3日目
昼を過ぎたころ、ようやく四人目が寺院から戻ってきた。魔術師の彼女だ。以前の彼女は皮肉を交えた言葉で場を和ませ、明るさと冷静さを併せ持つ存在だった。だが今日の彼女は、血の気を失った青ざめた顔で、まるで魂の一部を置き忘れてきたかのように弱々しかった。それでも、自らの足でしっかりと歩き、寺院の門を出てきたのだ。私はその姿に、一瞬だけ安堵した。しかし次の瞬間、彼女は糸が切れた人形のように崩れ落ち、気を失った。私は彼女を背に担ぎ、宿まで運んだ。その体は以前よりも軽く、頼りなく、まるでこの世とあの世の狭間にまだ揺れているかのようで恐ろしかった。
宿に戻ると、僧侶に彼女を託した。私にできることはそこで尽きる。彼女が意識を取り戻すまで、私はただ待つしかない。祈る言葉を持たぬ私は、仮面の奥で歯を食いしばり、胸の痛みに耐えるばかりだ。仲間が一人また一人と帰ってくるたび、喜びよりも不安と痛みが増していく。全員が揃えば心は晴れるのだろうか。いや、もしかすると、この胸を締めつける影は二度と消えないのではないか。そんな考えが頭から離れない。
私は今も宿屋に連泊している。全員が戻るまで、ここを離れる気にはなれない。石造りの壁に囲まれた狭い部屋で、寺院と宿を往復するだけの生活。夜になって灯りを落としても、暗闇は安らぎを与えず、むしろ罪悪感を浮かび上がらせるばかりだ。
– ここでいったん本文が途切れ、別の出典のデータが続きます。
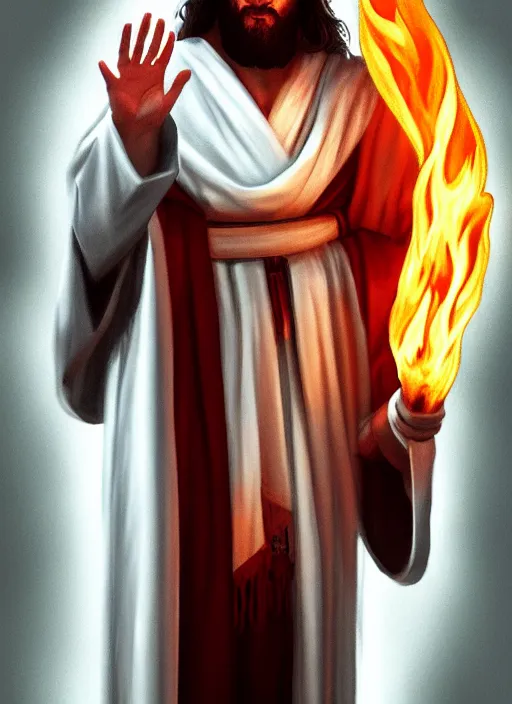 Image similar to « full length portrait of the white - tailed jesus in a white robe and flame in eyes, seven stars in right hand, grim - lighting, high - contrast, intricate, elegant, highly detailed, digital painting, artstation, concept art, smooth, sharp focus, illustration »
残りの二つのパーティが稼ぎを支えてくれている。彼らは迷宮に赴き、依頼をこなし、報酬を持ち帰ってくる。私は感謝している。だがその感謝の言葉は薄く、胸の奥では恥と劣等感が渦を巻いている。彼らに依存している自分を自覚するたび、私はますます小さく、弱くなっていく。
今日、私は仲間を集め、訓示を行った。今回の失敗への謝罪と、今後の指揮に対する改善の誓いを語った。クランの代表として口にするべき言葉だと思ったからだ。仮面の奥で震える声を押さえ込み、冷静を装って言葉を並べた。誰がどのように受け取ったかは分からない。信じてもらえたのか、それともまた仮面に遮られてしまったのか。
それでも、言葉にしたことでわずかに肩の重みが軽くなったように感じた。罪は消えない。失敗は消えない。それでも私はまだ立っている。だから語らねばならない。謝罪し、誓い、そしてまた歩みを続けるしかないのだ。